Illicit sales of uranium from Niger were being negotiated with five states including Iraq at least three years before the US-led invasion, senior European intelligence officials have told the Financial Times.Posted by Alan at June 28, 2004 12:46 AMIntelligence officers learned between 1999 and 2001 that uranium smugglers planned to sell illicitly mined Nigerien uranium ore, or refined ore called yellow cake, to Iran, Libya, China, North Korea and Iraq.

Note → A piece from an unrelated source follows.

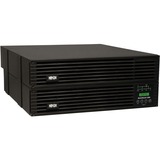 Tripp Lite SmartOnline E SU5000RT4UHV 5kVA Tower/Rack-Mountable UPS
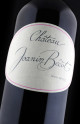 Château Joanin Bécot 2024 - Vin Primeur 2024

These claims support the assertion made in the British government dossier on Iraq's weapons of mass destruction programme in September 2002 that Iraq had sought to buy uranium from an African country, confirmed later as Niger. George W. Bush, US president, referred to the issue in his State of the Union address in January 2003.
The claim that the illicit export of uranium was under discussion was widely dismissed when letters referring to the sales - apparently sent by a Nigerien official to a senior official in Saddam Hussein's regime - were proved by the International Atomic Energy Agency to be forgeries. This embarrassed the US and led the administration to reverse its earlier claim.
But European intelligence officials have for the first time confirmed that information provided by human intelligence sources during an operation mounted in Europe and Africa produced sufficient evidence for them to believe that Niger was the centre of a clandestine international trade in uranium.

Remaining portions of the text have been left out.